- **Activity**: A picture should never appear in your copy. Transcribe the listing exactly from its first line through the line with "A selection of", both ends included.

──────── Information ────────

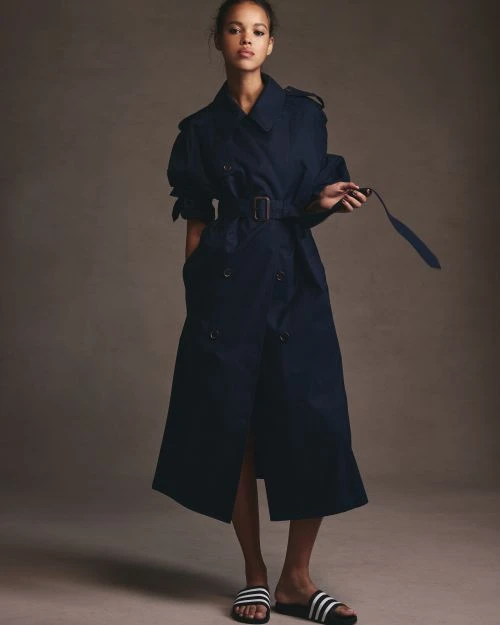 A woman poses in a studio, wearing a navy trench coat and athletic slides, against a neutral backdrop, showcasing a fashion-forward style.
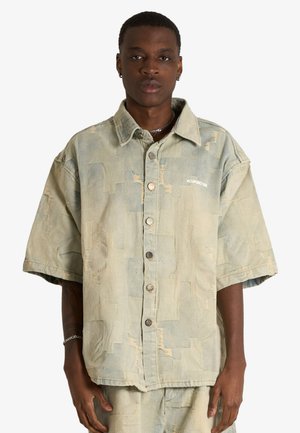 Giovane uomo che indossa una camicia ampia a maniche corte con bottoni e pantaloncini abbinati con un motivo patchwork sottile e testo minimo.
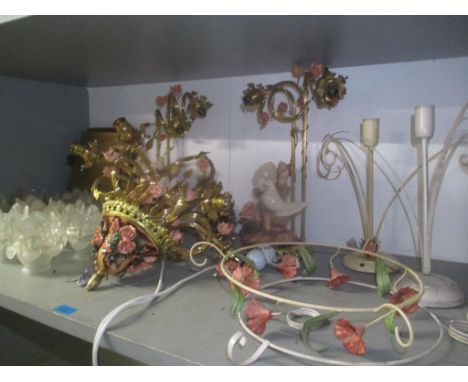 A selection of light fittings to include a pair of porcelain and gilt metal table lamps decorated with birds amongst flora an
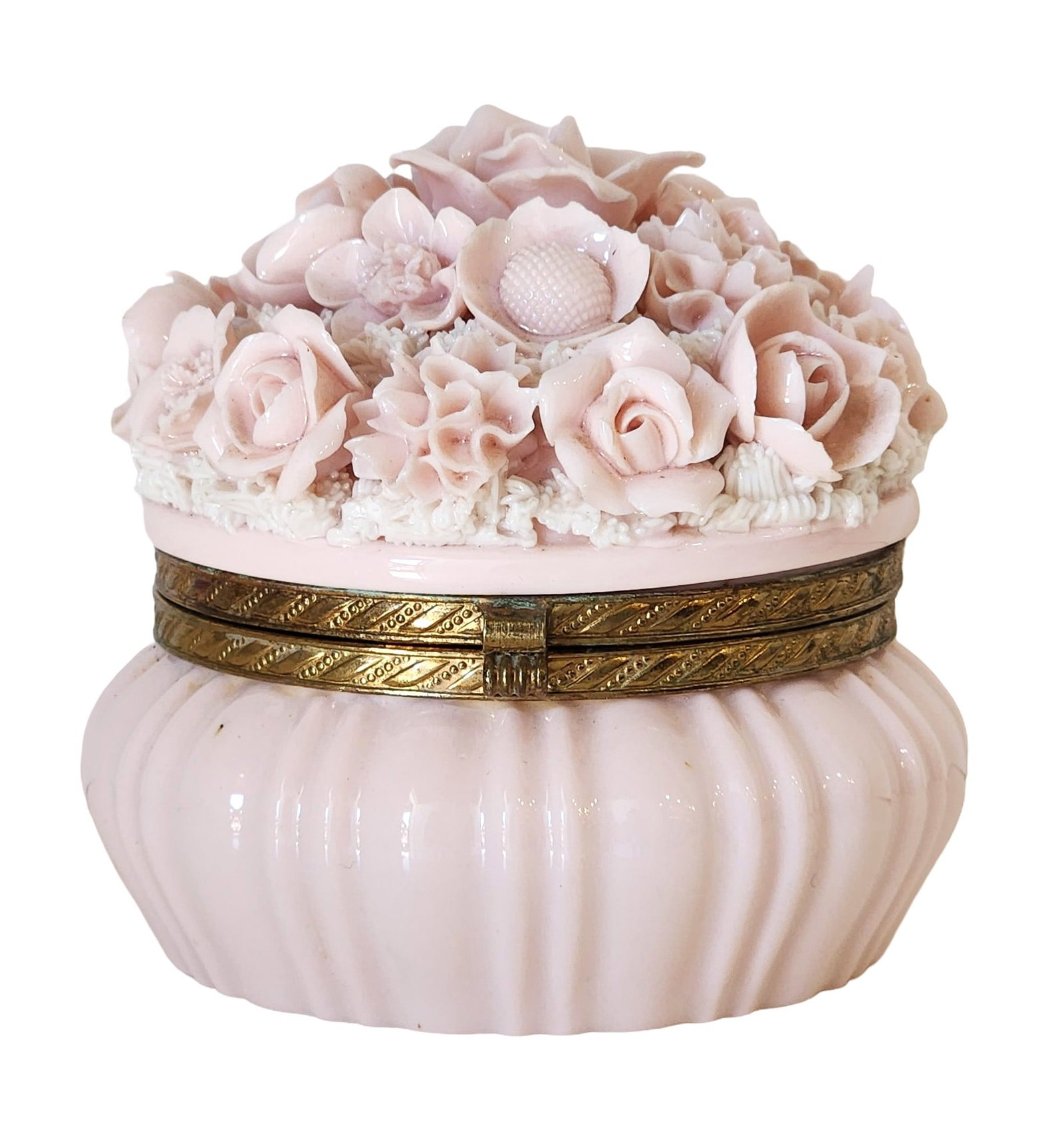 Vintage Pink Porcelain Floral Trinket Box with Gilt Metal Mount: A beautifully crafted vintage trinket box in soft pink porcelain, adorned with a lavish bouquet of delicate hand-formed roses, flowers, and textured foliage on the lid. The ornate floral decoration is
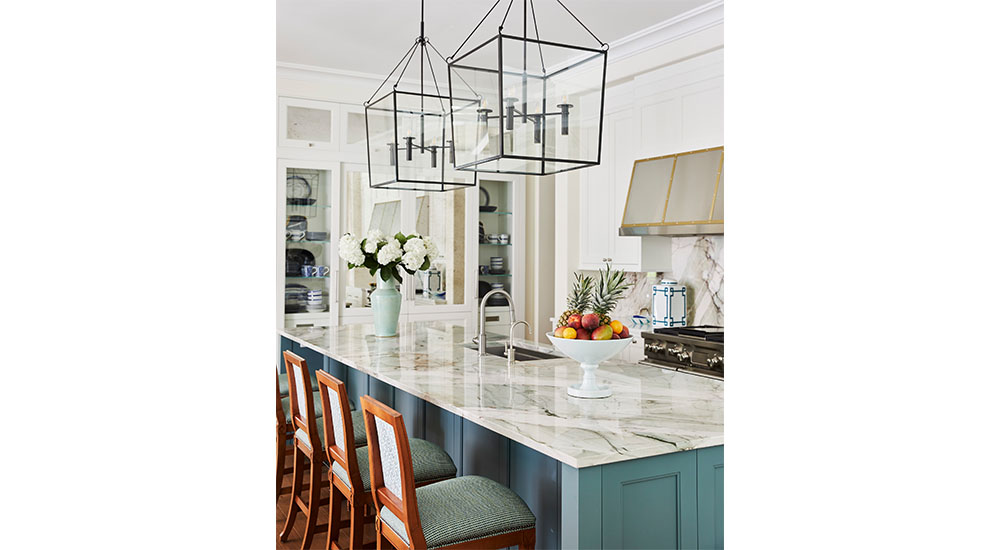 kitchen island with blue cabinets and white counter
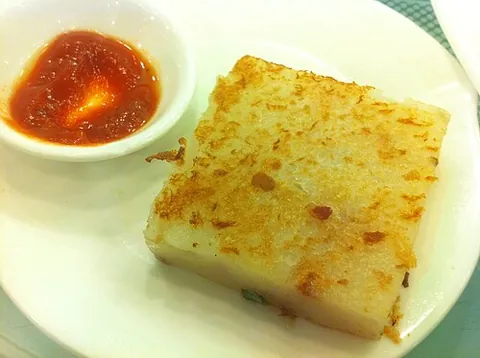 turnip cake: a savoury Chinese dim sum dish made with radish and usually pan-fried
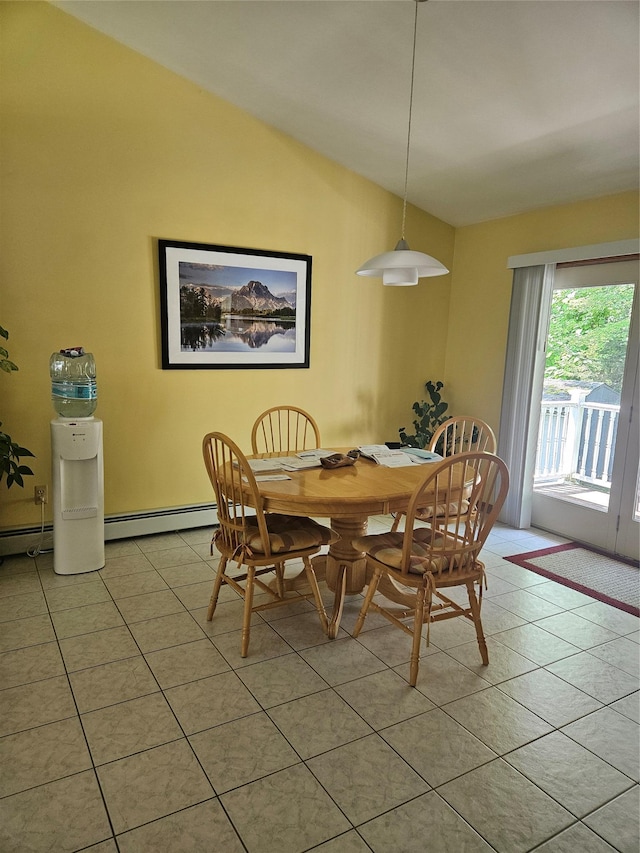 215 Sycamore Dr, New Windsor, NY 12553 - dining space with lofted ceiling, a baseboard heating unit, and light tile patterned floors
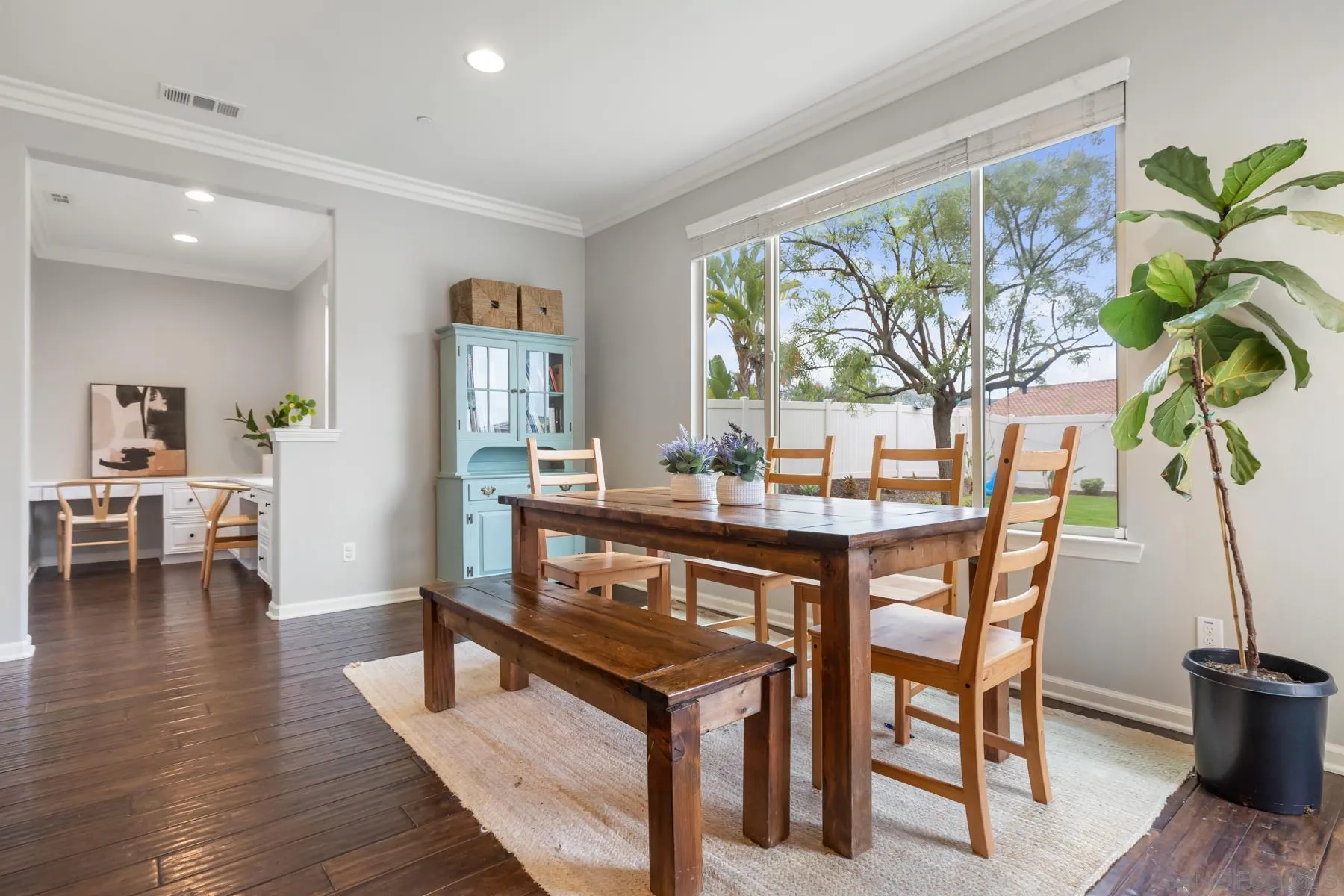 17519 Ralphs Ranch Road San Diego, CA 92127 - Photo 13 of 32 a dining room with furniture window and wooden floor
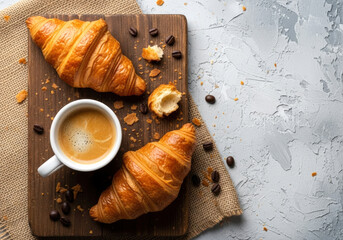 Croissants with coffee, wooden piece flat lay on plaster and piece of sack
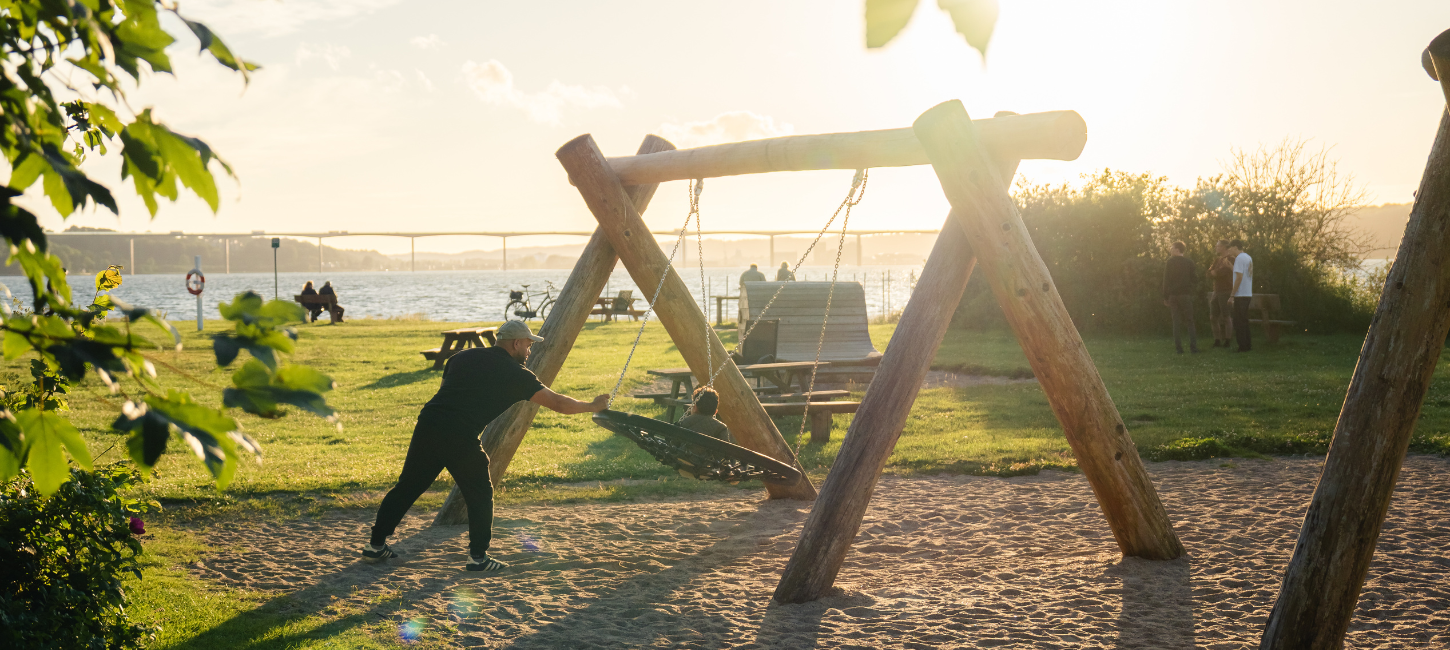 Far og barn gynger på legepladsen ved Ibæk Strand
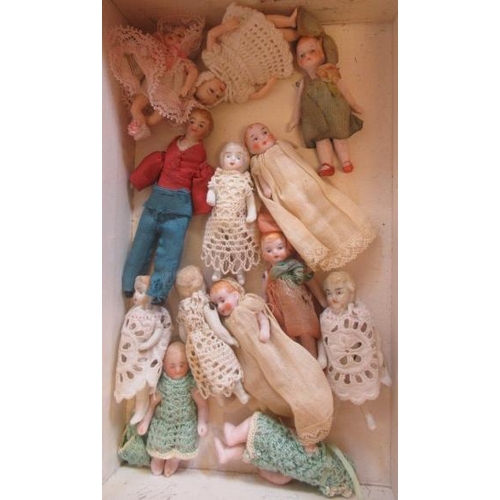 176 - Thirteen doll's house dolls, all jointed, two celluloid and the rest bisque, all with moulded and or... 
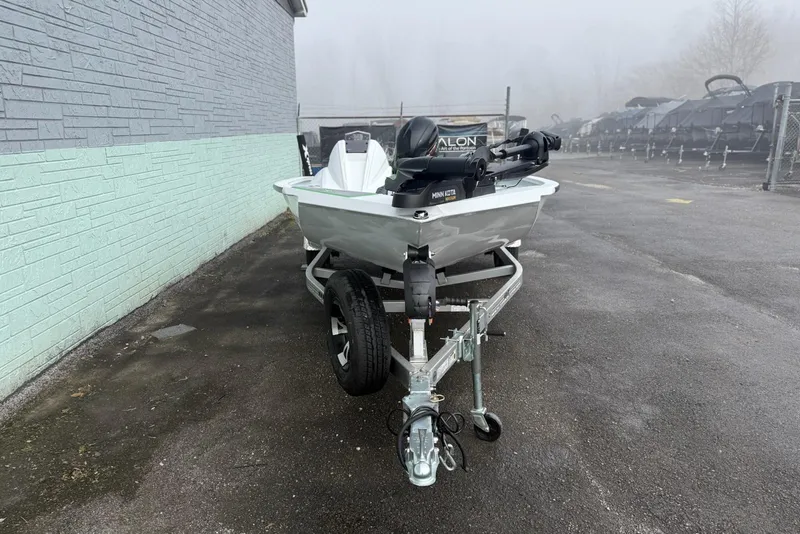 Slide: The Image of 2026 Xpress H18 boat on trailer in foggy outdoor setting. - 3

────────

- **Your response**:
 A woman poses in a studio, wearing a navy trench coat and athletic slides, against a neutral backdrop, showcasing a fashion-forward style.
 Giovane uomo che indossa una camicia ampia a maniche corte con bottoni e pantaloncini abbinati con un motivo patchwork sottile e testo minimo.
 A selection of light fittings to include a pair of porcelain and gilt metal table lamps decorated with birds amongst flora an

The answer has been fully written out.